### [Input data]

================

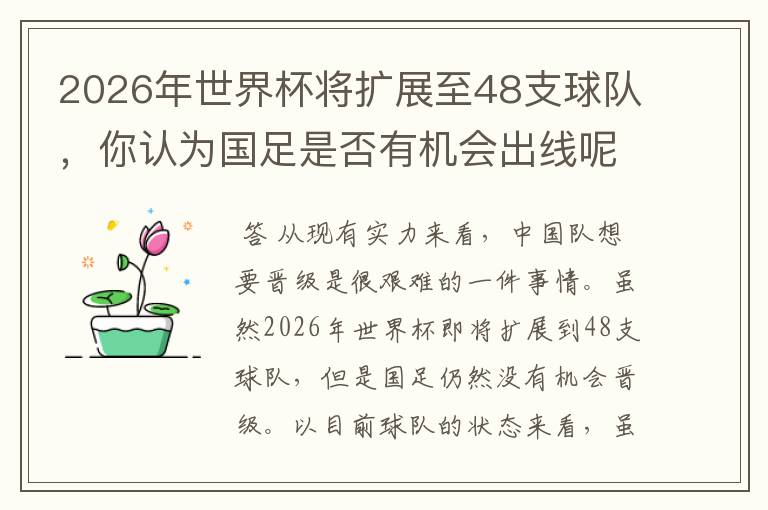 2026年世界杯将扩展至48支球队,你认为国足是否有机会出线呢?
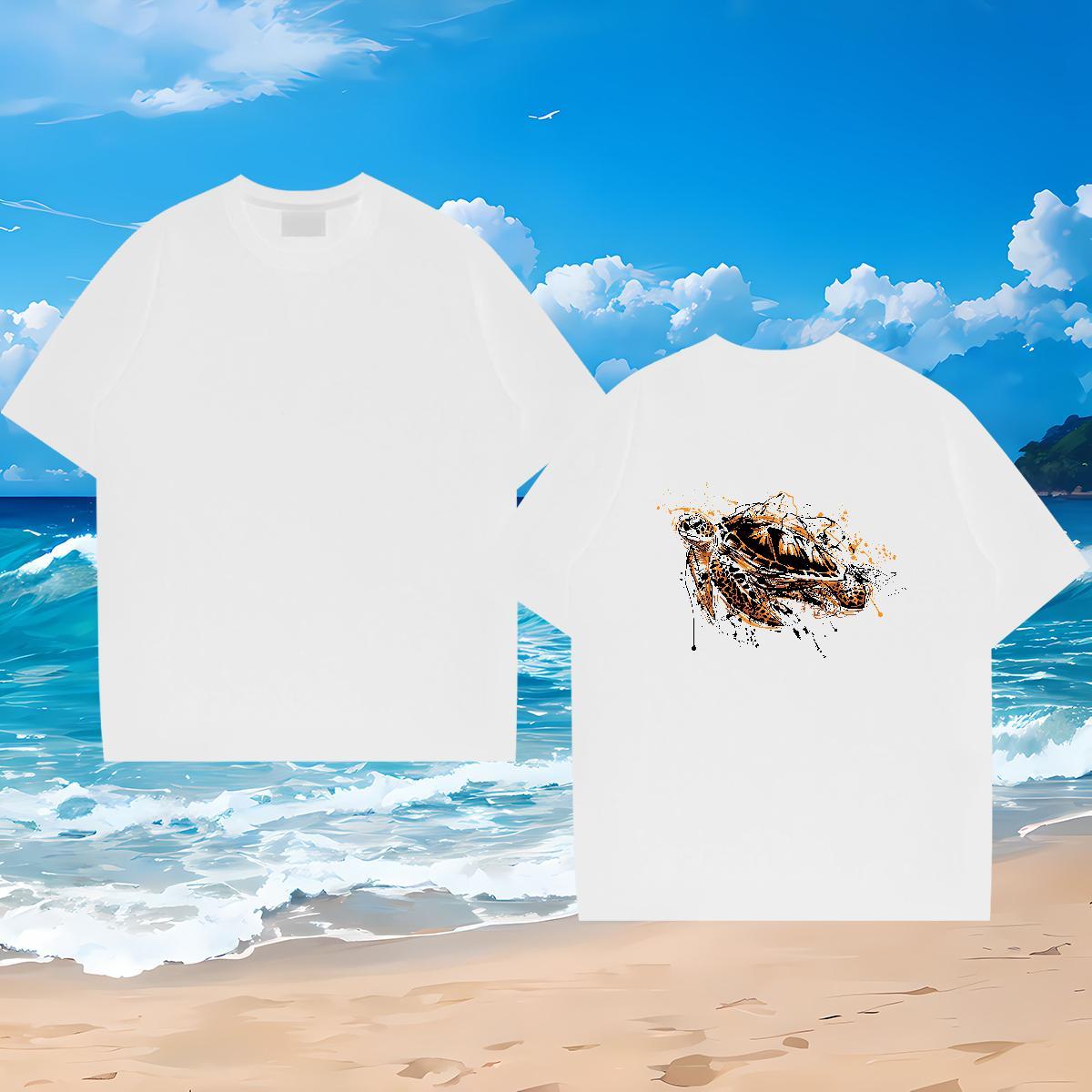 Brand T-Shirts 230g 100% Cotton tortoise Street wear Hip Hop Tops Tees Short Sleeve O-Neck Soft Men Tshirts Cartoon Printing L-4XL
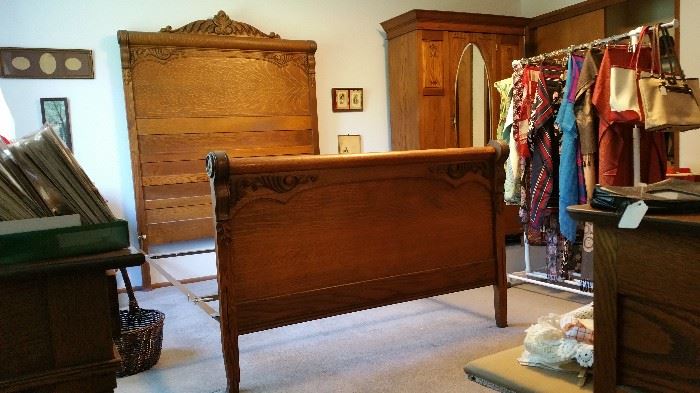 Antique Full bed adapted to a Queen size mattress. (side rails not pictured)
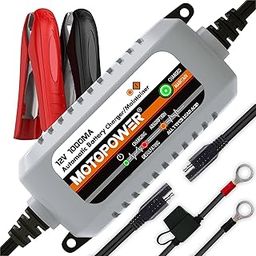 MOTOPOWER MP00205B 12V 1000mA Automatic Battery Charger, Battery Maintainer, Trickle Charger, and Battery Desulfator with Timer Protection-23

================

Every word of the data should be reproduced exactly; please omit any pictures.

### [Output]
 2026年世界杯将扩展至48支球队,你认为国足是否有机会出线呢?
 Brand T-Shirts 230g 100% Cotton tortoise Street wear Hip Hop Tops Tees Short Sleeve O-Neck Soft Men Tshirts Cartoon Printing L-4XL
 Antique Full bed adapted to a Queen size mattress. (side rails not pictured)
 MOTOPOWER MP00205B 12V 1000mA Automatic Battery Charger, Battery Maintainer, Trickle Charger, and Battery Desulfator with Timer Protection-23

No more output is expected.